Exercise: Please repeat, exactly and without pictures, the lines of the entries below that run from the one containing "unfurnished bedroom with" through the one containing "lot 60 image: Assortment".

Given records:
++++++
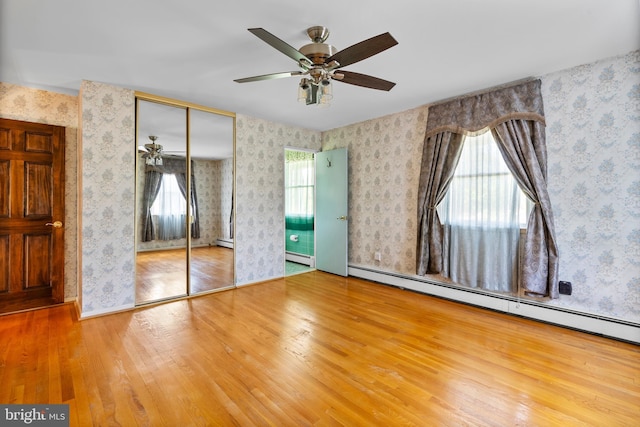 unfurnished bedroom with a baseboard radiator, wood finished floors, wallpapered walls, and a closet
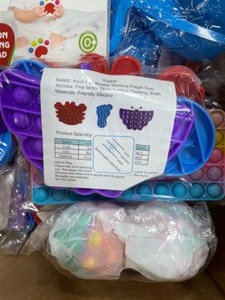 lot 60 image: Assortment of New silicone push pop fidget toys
++++++
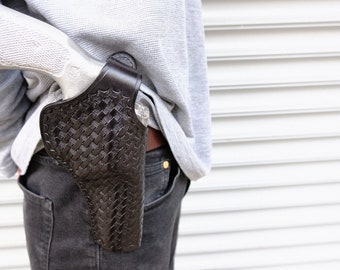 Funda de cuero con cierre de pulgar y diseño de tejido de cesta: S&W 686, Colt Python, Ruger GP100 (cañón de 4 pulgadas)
++++++
Result:
 unfurnished bedroom with a baseboard radiator, wood finished floors, wallpapered walls, and a closet
 lot 60 image: Assortment of New silicone push pop fidget toys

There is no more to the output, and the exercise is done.